So then I was jobless. Sebenernya saya ngga keberatan sih jadi bapak rumah tangga. Faktanya saya pernah jadi bapak rumah tangga selama 5 bulan dan somehow saya enjoy-enjoy aja. Tapi situasinya sekarang lain. Ini Jakarta bung! Grace ngga kerja, dan sedang mengandung pula. Tiap hari saya buka situs Jobstreet dan menghubungi teman-teman yang ada di Jakarta, cari kerjaan. Cover letter dan resume saya blast ke berbagai perusahaan ibukota. Nggak peduli perusahaannya bergerak di bidang apa, yang penting job description untuk posisi yang saya lamar memang sesuai dengan kapabilitas dan minat saya. Dan yang penting: halal. Alhamdulillah, sesuatu. Ada beberapa panggilan wawancara, tapi belum ada kepastian. Terombang-ambing di tengah ketidakpastian dan pengeluaran yang sangat banyak itu, anjrit sekali rasanya.

Nggak sampai sebulan sebelum jadwal operasi penanaman implan koklea Ubii, ada email— saya buka dengan perasaan carut marut, berharap itu adalah salah satu perusahaan yang mewawancarai saya. Ternyata, benar. Sebut saja Company A, menawari saya bekerja dengan segera sebagai quality engineer untuk produk mereka dengan benefit gaji 2x lipat dari tempat saya bekerja sebelumnya. Well hello, future! Dengan adanya jaminan saya sudah dapet kerjaan di Jakarta, within the blink of an eye, kita tau-tau sudah boyongan ke ibukota.

Baca: Hijrah ke Jakarta

Operasi Ubii berjalan dengan lancar, dan beberapa minggu setelahnya saya mulai bekerja di Company A— tipikal start-up company yang progresif: result oriented. Saya banyak belajar disini. Yang awalnya nggak tahu sama sekali how to build a good UI/UX design, saya nyoba-nyoba sampai akhirnya beberapa desain saya dipakai di final product. Yang paling asik sih, berhubung ini start-up company, opini saya didengarkan dan diakomodasi. Ini yang nggak bisa ditemukan di perusahaan mapan: saya merasa buah pikir dan kerja keras saya dihargai. The bottom line is saya sangat menikmati kerja disini. Namun, apa yang terjadi di rumah tidak begitu mulus. Ubii memang mendapat fasilitas habilitasi terbaik di Jakarta, namun kita tidak (atau belum) menemukan tempat fisioterapi yang sebagus Jogja. Walhasil, sehabis operasi postur badan Ubii jadi jelek. Sendi-sendinya kaku semua. Saya mulai galau lagi.

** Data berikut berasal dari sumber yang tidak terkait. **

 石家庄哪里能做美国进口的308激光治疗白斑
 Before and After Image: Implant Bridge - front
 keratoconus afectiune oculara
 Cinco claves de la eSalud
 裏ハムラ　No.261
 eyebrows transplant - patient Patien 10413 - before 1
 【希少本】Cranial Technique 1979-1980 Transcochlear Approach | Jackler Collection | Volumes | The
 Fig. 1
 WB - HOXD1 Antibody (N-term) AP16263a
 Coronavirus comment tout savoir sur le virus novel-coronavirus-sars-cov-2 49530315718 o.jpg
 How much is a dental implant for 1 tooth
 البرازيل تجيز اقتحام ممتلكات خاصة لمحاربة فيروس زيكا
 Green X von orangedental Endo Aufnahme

Adalah satu perjalanan ke sebuah pesta ulang tahun anak teman di bilangan Bintaro, saat Grace malu-malu kucing menyatakan bahwa dia selalu merasa capek berada di Jakarta. Kemana-mana jauh dan nggak efisien (baca: macet). Di Jogja ada peraturan tidak tertulis bahwa mencet klakson saat matahari sudah terbenam adalah perbuatan yang tabu. Nggak sopan, kata orang tua. Di Jakarta? Tengah malam pun orang tidak segan klakson sana-sini. Orang-orang berhenti di depan garis batas saat menunggu lampu merah, menutupi zebra cross. Carut marut! Memang benar apa kata orang-orang daerah tentang Jakarta: in order to adjust with city rhymes, you have to be savage just like the rest of the people there. Well, maklum sih ya kalau Grace jadi selalu capek— this city drained her energy. Lalu doi nyeletuk, “Pulang ke Jogja, yuk?” Saat saya tanya alasannya apa, Grace jawab, “Soalnya disini nggak ada fisioterapi yang bagus. Kasihan Ubii.”

HA! Bayangkan betapa kesal dan marahnya saya saat itu. Grace menggunakan alasan yang sama persis dengan alasan saya keberatan pindah ke Jakarta dulu. We miscalculated things. Grace juga sekarang harus membagi perhatian ngga cuma ke Ubii— perutnya makin hari makin besar. Saya berpikir keras bagaimana bisa menjembatani kebutuhan Ubii dan karir saya. Saya belum genap 3 bulan kerja di Company A. Eventually esoknya saya menghadap bos saya, menceritakan segala apa yang terjadi dalam keluarga saya saat itu, dengan worst case scenario saya didepak dari kerjaan lalu balik ke Jogja sebagai pengangguran. Namun, Bu Bos memberikan solusi jalan tengah: saya tetap kerja di Company A secara remote (jarak jauh) dan ke Jakarta sebulan 1-2x saja kalau ada rilis produk. Nggak mikir panjang, saya terima tawarannya. Within another blink of an eye, kami kembali ke Jogja.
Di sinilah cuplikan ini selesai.